SUPPLIED ENTRIES ->
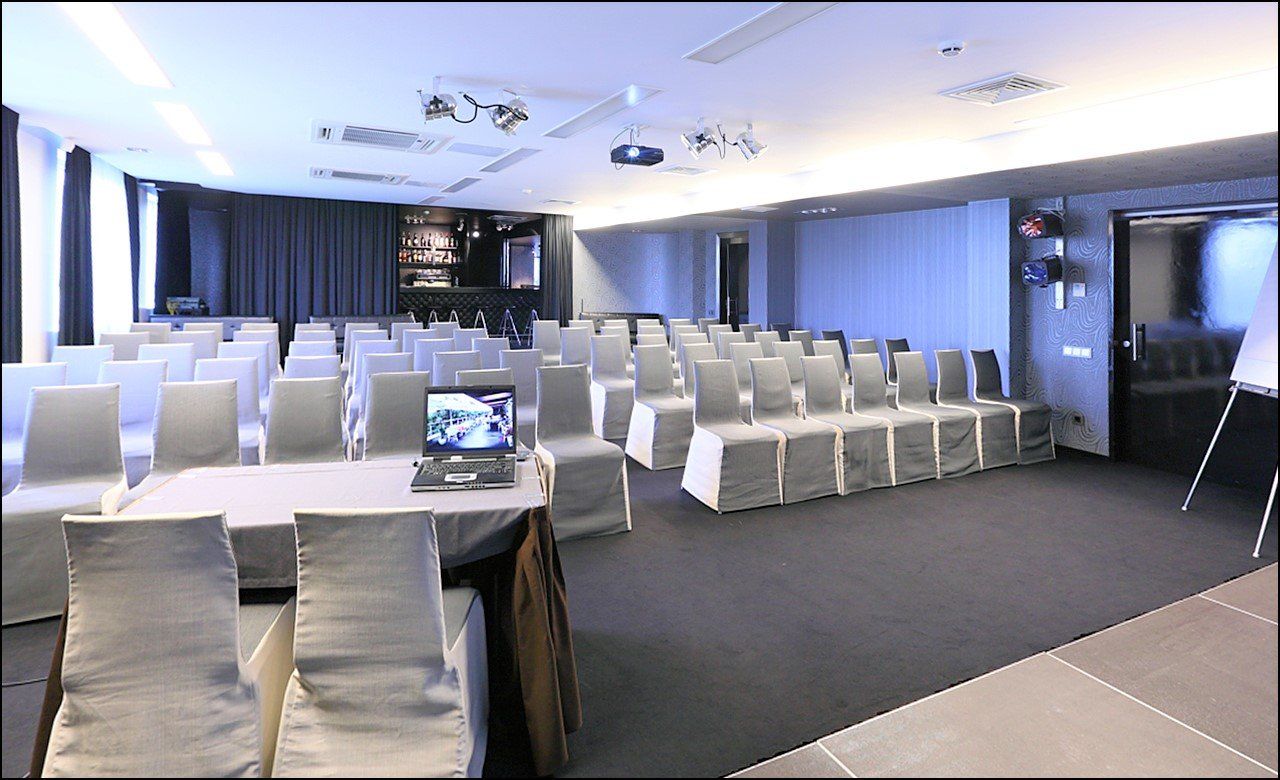 Espace de conférence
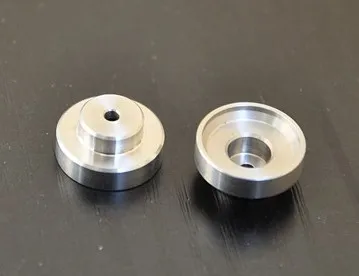 Ø2.0mm S120-1 Jet Nozzle (Stainless+Ceramic) 0206243 Upper FJ-AWT for AQ,AD,AG,AQ400,AQ600,AG400,SL600Q Nozzle G01468A, 2994856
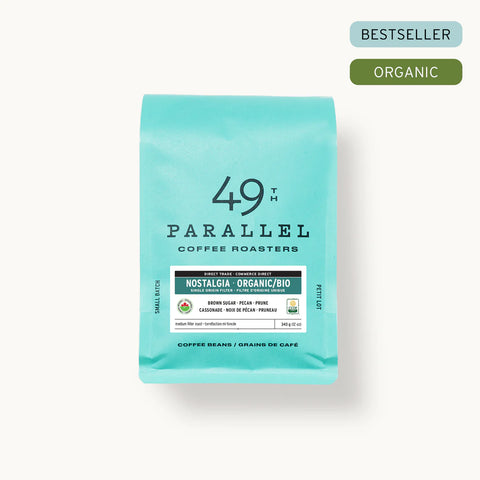 49th Parallel Organic Nostalgia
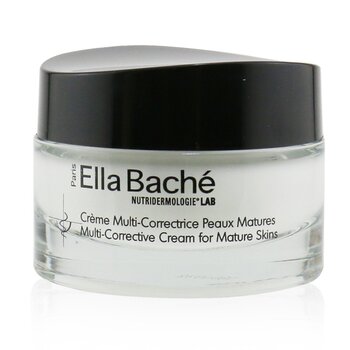 Ella Bache Nutridermologie Lab Creme Magistrale Matrilex 31% Crema Multi Correctiva Para Pieles Maduras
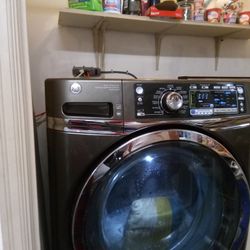 General Electric Front Loader Excellent Condition 500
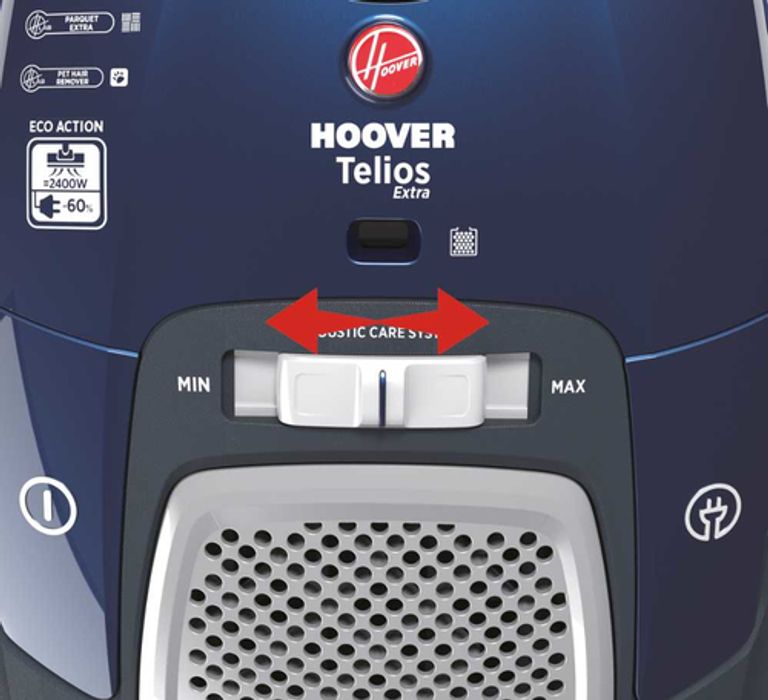 Hoover Telios Extra TX50PET 011 3,5 L A cilindro Secco 550 W Sacchetto per la polvere_HOOVER_12_big-image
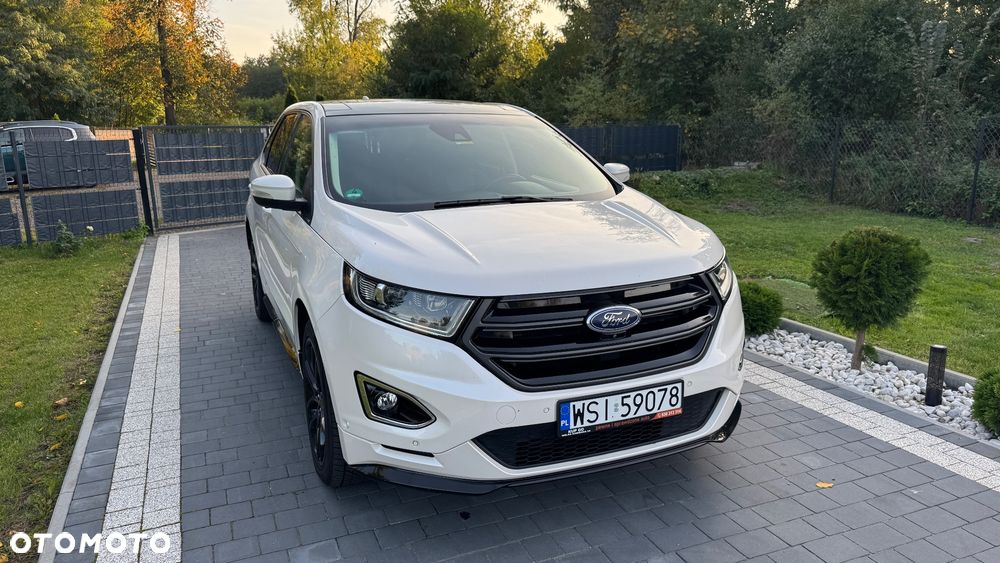 Ford Edge 2.0 TDCi Bi-Turbo 4x4 Sport - 17
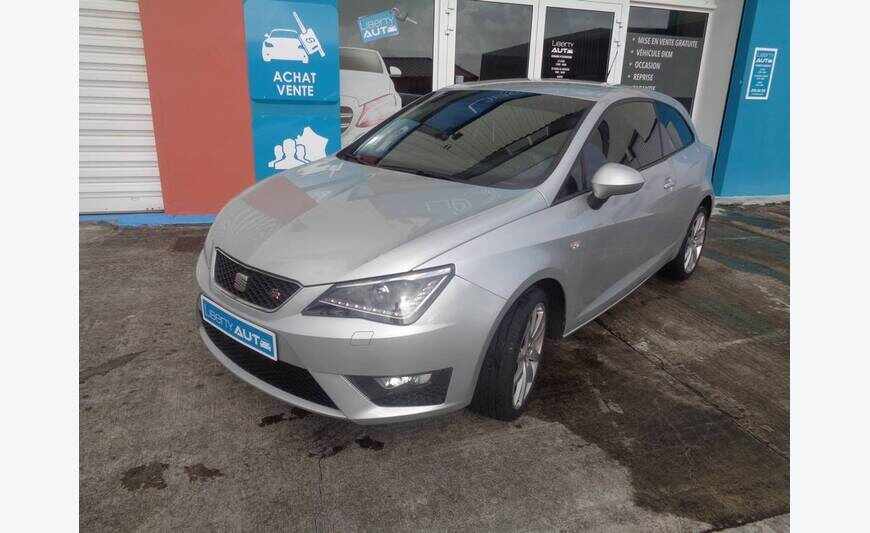 Seat Ibiza Iv Fr Phase 2 3 Portes 2. 0.
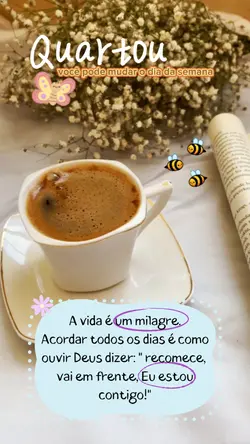Quarta feira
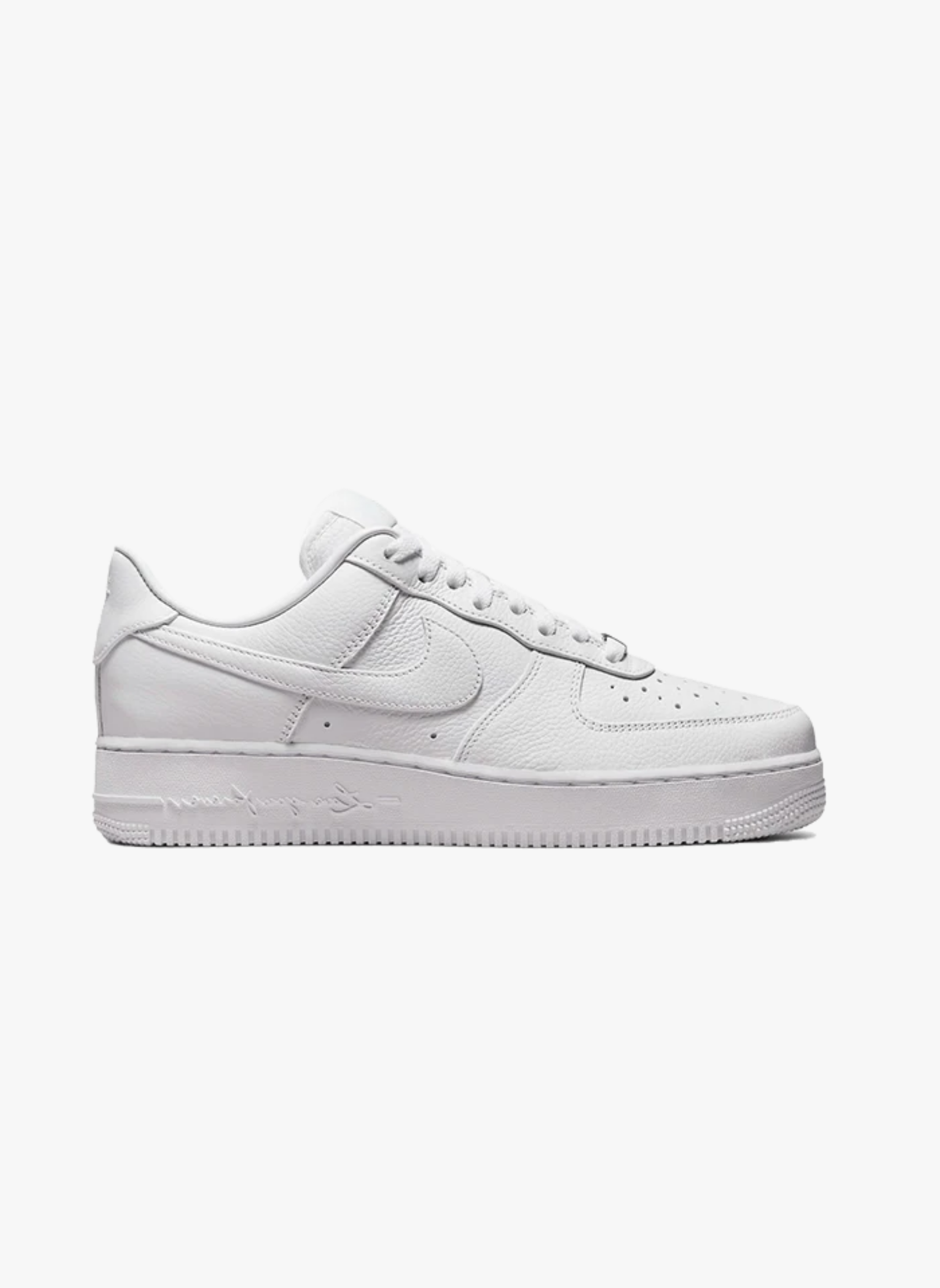 Nike air force 1 low nocta drake certified lover boy | Blanc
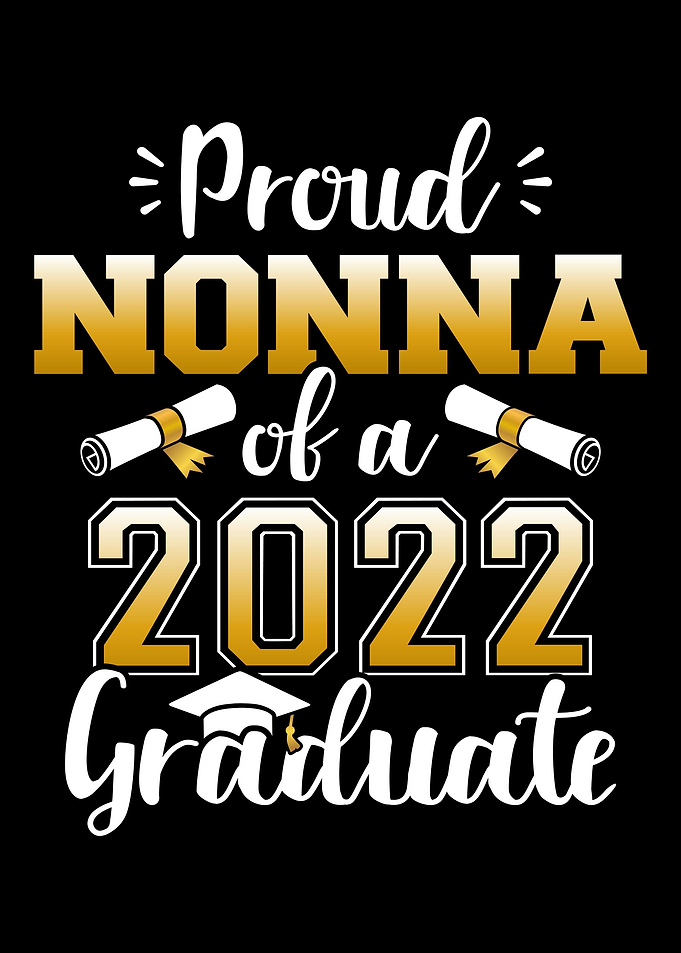 Proud nonna of a class of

TASK INSTRUCTIONS -> Set down word for word every line from the one containing "Ø2.0mm S120-1 Jet" through the last line of the records above, both ends included. Leave out the pictures.

TASK SOLUTION ->
 Ø2.0mm S120-1 Jet Nozzle (Stainless+Ceramic) 0206243 Upper FJ-AWT for AQ,AD,AG,AQ400,AQ600,AG400,SL600Q Nozzle G01468A, 2994856
 49th Parallel Organic Nostalgia
 Ella Bache Nutridermologie Lab Creme Magistrale Matrilex 31% Crema Multi Correctiva Para Pieles Maduras
 General Electric Front Loader Excellent Condition 500
 Hoover Telios Extra TX50PET 011 3,5 L A cilindro Secco 550 W Sacchetto per la polvere_HOOVER_12_big-image
 Ford Edge 2.0 TDCi Bi-Turbo 4x4 Sport - 17
 Seat Ibiza Iv Fr Phase 2 3 Portes 2. 0.
Quarta feira
 Nike air force 1 low nocta drake certified lover boy | Blanc
 Proud nonna of a class of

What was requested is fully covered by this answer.